Samurai, Geisha, dan Deru Kota Kanazawa: Tua Bertemu Muda

Ada yang berbeda ketika saya menapakkan kaki di Kanazawa, kota yang masuk Distrik Hokuriku, sebelah barat daya Pulau Honshu. Kota ini memiliki curah hujan tinggi di seantero Jepang.

oleh Andrie Harianto diperbarui 23 Jan 2020, 06:55 WIB
Diterbitkan 23 Jan 2020, 06:55 WIB
Kanazawa
Higashi Chaya District (Andry Haryanto/Liputan6.com)

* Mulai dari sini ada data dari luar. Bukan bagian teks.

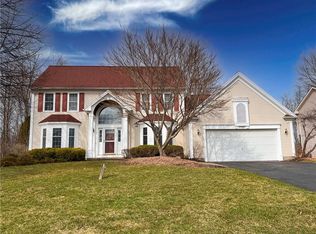 733 Wood Hill Dr, Macedon, NY 14502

Liputan6.com, Jakarta - Sebagai sebuah Ibu Kota Perfectur Ishikawa, Kanazawa tentunya punya warna-warni kesibukan warganya. Namun, di tengah hal itu kekayaan budaya masih terjaga dan menjadi destinasi wisata hingga saat ini. Bak batu permata, inilah Kanazawa, ketika 'tua' bertemua dengan 'muda'.

Ada yang berbeda ketika saya menapakan kaki di Kanazawa, kota yang masuk Distrik Hokuriku, sebelah barat daya Pulau Honshu. Kota ini memiliki curah hujan tinggi di seantero Jepang.

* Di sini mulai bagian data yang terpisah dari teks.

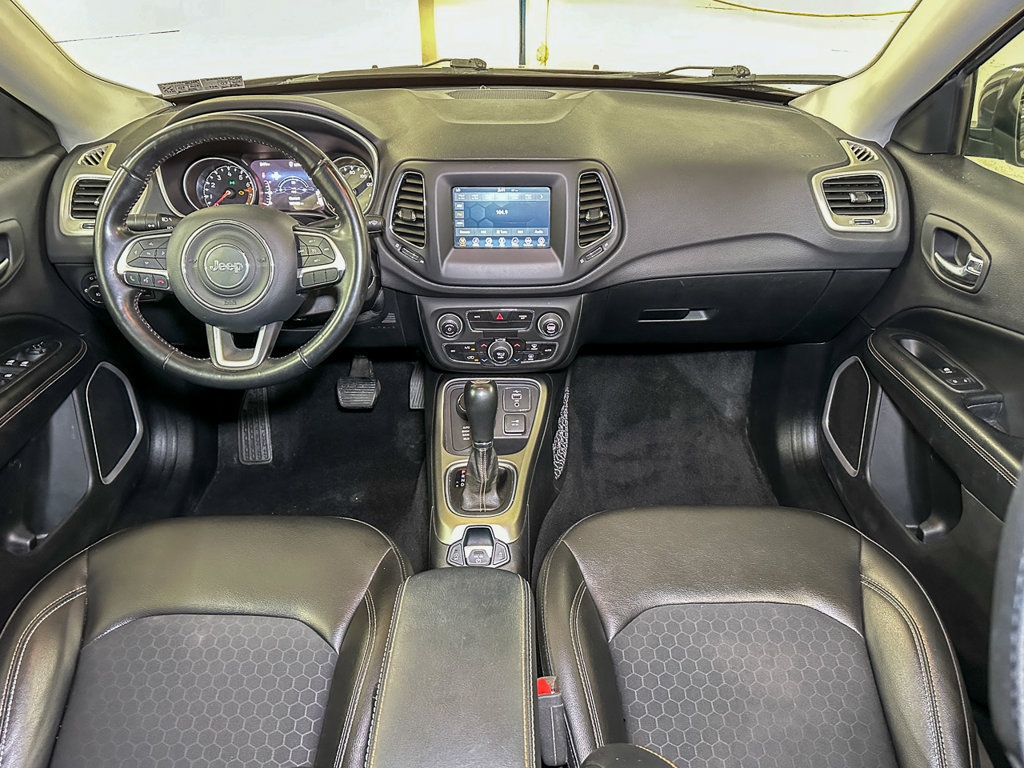 Used 2019 Jeep Compass Latitude w/ Popular Equipment Group AWD/4WD image 24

Meski sebuah kota, budaya Jepang zaman dulu masih terlihat jelas di kota ini. Seperti kotanya para Samurai, Geisha, dan juga beragam budaya yang turut membangun Kanazawa.

"Kami menyebutnya Jepang yang autentik," kata Yoshiko Tomiyama #tourguideyoshi, pemandu wisata saya selama menjelajah rute perjalanan "Three Star Road" atas undangan pemerintah Jepang dan Meitetsu World Travel, 9-20 Januari 2020, saat berada di Kanazawa, Jumat 18 Januari 2019.

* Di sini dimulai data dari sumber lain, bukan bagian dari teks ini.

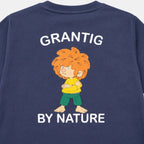 Detailansicht des „Grantig by Nature“ Pumuckl Rückenprints auf blauem Kinder-T-Shirt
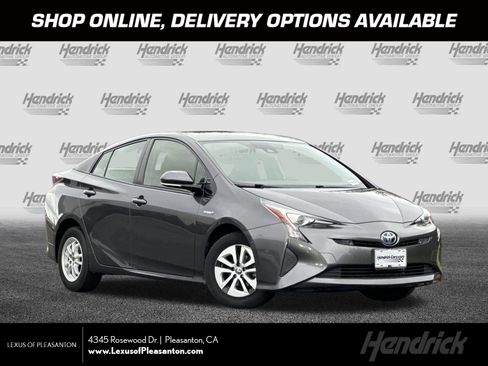 Used 2017 Toyota Prius Three image 1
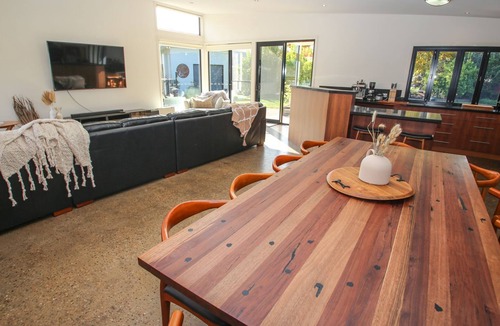 Porepunkah House | Kookarrunga - resort style family home
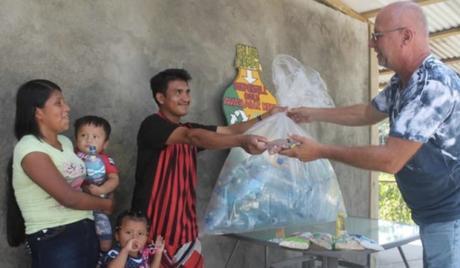 Un pueblo construido con botellas de plástico recicladas. pueblo construido con botellas de plástico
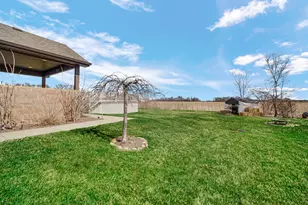 1913 Holly St SE, Demotte, IN 46310 - Photo 31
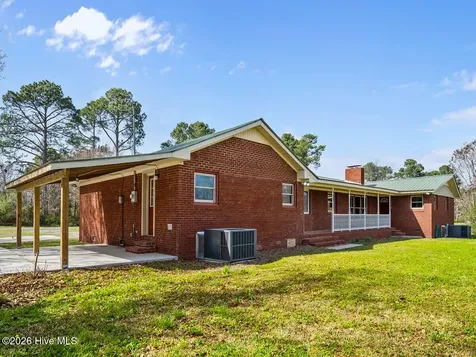 293 Old Chinquapin Road Beulaville NC 28518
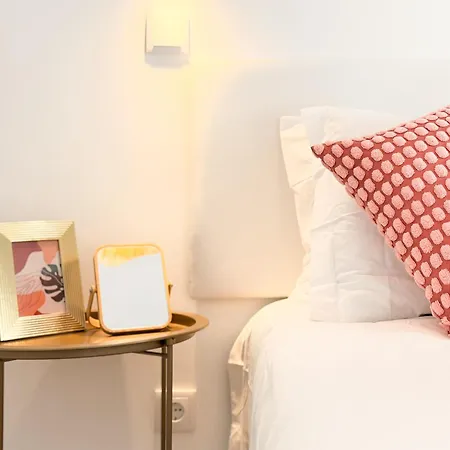 4 Bedroom House With Garden Parking In Benfica 펜션 리스본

Syahdan, Lord Maeda yang merupakan bagian dari Klan Kaga memerintah pada 1603-1868 pada Zaman Edo, zaman di mana perang saudara masih bergejolak di Jepang. Daerah satu dengan lainnya saling berebut ekspansi kekuasaan, saling berseteru dan membunuh. Klan Kaga sendiri disebut sebagai 'Sejuta Koku Beras' atau Hyakumangoku. Koku adalah jumlah beras yang diproduksi untuk bertahan satu tahun untuk satu orang.

"Artinya banyak rezeki," kata Yoshi bercerita.

Nah, Klan Kaga juga termasuk orang terpandang kala itu. Mereka tercatat sebagai orang terkaya kedua mengalahkan empire yang ada di Tokyo. Kekayaan Maeda inilah yang kemudian dia gunakan untuk membangun kekuatan militer di Kanazawa, yaitu Samurai.

Tokyo yang merasa terancam dengan aktivitas militer terus memata-matai Maeda. Maeda pun berstrategi agar apa yang disaksikan Tokyo tidak terlalu kentara.

"Salah satunya adalah dengan membayar pajak kepada Tokyo," kata Yoshi yang juga Sake Sommelier.

Tidak itu saja, untuk membungkus kekuatan militer yang dia bangun agar tidak terlalu bau terendus ke luar, maka Maeda banyak membuat aktivitas-aktivitas budaya di Kanazawa.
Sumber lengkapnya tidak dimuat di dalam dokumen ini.